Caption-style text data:
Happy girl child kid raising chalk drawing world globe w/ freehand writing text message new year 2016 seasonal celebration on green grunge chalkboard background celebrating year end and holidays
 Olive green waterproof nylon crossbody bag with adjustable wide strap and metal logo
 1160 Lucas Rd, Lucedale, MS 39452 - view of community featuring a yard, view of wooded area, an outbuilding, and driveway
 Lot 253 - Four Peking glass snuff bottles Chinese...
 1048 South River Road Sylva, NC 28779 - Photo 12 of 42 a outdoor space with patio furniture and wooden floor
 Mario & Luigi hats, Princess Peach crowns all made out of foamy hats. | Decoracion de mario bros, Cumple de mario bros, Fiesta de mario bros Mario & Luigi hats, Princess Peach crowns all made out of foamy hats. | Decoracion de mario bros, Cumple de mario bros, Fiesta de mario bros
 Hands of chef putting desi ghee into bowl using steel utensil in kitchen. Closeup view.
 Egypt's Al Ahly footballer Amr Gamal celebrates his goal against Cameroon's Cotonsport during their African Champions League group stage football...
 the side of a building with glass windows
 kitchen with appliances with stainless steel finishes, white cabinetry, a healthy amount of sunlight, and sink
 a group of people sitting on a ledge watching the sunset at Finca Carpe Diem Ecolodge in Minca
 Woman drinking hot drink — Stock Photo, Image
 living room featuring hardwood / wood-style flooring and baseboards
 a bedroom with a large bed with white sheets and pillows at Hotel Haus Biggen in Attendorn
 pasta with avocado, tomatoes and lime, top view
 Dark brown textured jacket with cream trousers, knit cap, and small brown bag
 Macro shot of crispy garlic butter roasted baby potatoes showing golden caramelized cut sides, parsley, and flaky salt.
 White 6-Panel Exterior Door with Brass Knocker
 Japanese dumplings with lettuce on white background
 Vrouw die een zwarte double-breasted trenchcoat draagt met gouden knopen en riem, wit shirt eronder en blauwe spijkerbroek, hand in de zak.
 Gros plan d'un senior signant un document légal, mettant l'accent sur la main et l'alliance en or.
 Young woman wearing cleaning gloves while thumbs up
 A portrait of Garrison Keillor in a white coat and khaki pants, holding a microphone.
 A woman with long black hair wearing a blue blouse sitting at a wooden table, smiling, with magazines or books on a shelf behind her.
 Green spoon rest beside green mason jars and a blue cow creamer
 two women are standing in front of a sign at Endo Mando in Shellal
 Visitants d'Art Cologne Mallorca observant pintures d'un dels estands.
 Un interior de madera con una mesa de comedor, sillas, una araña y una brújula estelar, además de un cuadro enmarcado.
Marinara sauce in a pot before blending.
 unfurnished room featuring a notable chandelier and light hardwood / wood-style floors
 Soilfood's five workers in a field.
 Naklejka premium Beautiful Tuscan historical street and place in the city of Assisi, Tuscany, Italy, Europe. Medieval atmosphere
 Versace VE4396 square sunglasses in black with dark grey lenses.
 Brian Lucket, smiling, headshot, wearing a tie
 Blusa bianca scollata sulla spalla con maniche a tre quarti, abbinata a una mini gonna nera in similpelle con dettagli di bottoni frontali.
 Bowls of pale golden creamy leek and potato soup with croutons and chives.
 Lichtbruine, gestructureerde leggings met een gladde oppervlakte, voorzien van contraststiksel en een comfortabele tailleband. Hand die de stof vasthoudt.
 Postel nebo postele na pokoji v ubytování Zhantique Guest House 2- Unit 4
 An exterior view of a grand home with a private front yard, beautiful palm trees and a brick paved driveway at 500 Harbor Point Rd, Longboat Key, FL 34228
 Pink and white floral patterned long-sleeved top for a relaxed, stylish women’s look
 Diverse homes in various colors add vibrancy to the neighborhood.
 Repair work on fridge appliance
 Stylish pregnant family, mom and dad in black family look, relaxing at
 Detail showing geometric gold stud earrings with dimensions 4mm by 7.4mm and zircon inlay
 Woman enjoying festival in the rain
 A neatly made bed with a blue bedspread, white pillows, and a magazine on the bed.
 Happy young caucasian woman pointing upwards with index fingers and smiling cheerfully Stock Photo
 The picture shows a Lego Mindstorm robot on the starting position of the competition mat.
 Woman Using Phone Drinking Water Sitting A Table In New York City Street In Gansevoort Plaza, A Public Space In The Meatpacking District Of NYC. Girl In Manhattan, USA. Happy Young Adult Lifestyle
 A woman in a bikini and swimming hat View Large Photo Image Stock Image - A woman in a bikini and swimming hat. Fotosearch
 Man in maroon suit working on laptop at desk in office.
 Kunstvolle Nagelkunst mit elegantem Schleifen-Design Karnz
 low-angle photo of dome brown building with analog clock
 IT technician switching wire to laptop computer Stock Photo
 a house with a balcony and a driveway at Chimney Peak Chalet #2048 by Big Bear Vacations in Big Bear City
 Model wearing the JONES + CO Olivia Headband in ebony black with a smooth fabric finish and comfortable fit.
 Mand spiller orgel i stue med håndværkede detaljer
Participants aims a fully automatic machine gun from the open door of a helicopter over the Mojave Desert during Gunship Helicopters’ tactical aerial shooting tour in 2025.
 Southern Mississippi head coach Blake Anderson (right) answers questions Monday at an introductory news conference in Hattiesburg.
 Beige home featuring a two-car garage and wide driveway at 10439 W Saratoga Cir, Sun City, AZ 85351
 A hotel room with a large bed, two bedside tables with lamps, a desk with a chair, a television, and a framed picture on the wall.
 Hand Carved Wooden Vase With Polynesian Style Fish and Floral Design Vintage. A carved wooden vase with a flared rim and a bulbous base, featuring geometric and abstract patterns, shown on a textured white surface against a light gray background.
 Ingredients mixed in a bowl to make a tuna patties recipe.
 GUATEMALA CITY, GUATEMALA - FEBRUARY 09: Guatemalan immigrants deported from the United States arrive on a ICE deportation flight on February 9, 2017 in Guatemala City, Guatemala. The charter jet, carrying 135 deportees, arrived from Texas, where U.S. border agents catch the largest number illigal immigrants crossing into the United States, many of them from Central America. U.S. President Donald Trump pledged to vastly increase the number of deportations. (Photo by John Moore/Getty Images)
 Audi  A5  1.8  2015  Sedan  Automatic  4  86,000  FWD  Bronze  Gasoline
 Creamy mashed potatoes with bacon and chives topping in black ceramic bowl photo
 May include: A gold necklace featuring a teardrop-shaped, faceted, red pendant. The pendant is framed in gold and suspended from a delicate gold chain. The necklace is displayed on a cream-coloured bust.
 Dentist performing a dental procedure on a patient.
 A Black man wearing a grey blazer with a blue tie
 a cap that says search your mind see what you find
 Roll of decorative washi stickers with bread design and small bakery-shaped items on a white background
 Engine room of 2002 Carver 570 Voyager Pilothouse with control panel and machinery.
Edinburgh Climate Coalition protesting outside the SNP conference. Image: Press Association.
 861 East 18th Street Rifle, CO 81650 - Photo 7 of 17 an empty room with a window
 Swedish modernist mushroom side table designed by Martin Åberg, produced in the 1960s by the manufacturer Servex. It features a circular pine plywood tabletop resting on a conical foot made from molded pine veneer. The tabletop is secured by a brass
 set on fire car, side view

What you need to do. Starting with the line with "Versace VE4396 square" above and going on through the line with "Woman enjoying festival in the rain", transcribe every line exactly, both ends included, and add nothing.

Answer below.
 Versace VE4396 square sunglasses in black with dark grey lenses.
 Brian Lucket, smiling, headshot, wearing a tie
 Blusa bianca scollata sulla spalla con maniche a tre quarti, abbinata a una mini gonna nera in similpelle con dettagli di bottoni frontali.
 Bowls of pale golden creamy leek and potato soup with croutons and chives.
 Lichtbruine, gestructureerde leggings met een gladde oppervlakte, voorzien van contraststiksel en een comfortabele tailleband. Hand die de stof vasthoudt.
 Postel nebo postele na pokoji v ubytování Zhantique Guest House 2- Unit 4
 An exterior view of a grand home with a private front yard, beautiful palm trees and a brick paved driveway at 500 Harbor Point Rd, Longboat Key, FL 34228
 Pink and white floral patterned long-sleeved top for a relaxed, stylish women’s look
 Diverse homes in various colors add vibrancy to the neighborhood.
 Repair work on fridge appliance
 Stylish pregnant family, mom and dad in black family look, relaxing at
 Detail showing geometric gold stud earrings with dimensions 4mm by 7.4mm and zircon inlay
 Woman enjoying festival in the rain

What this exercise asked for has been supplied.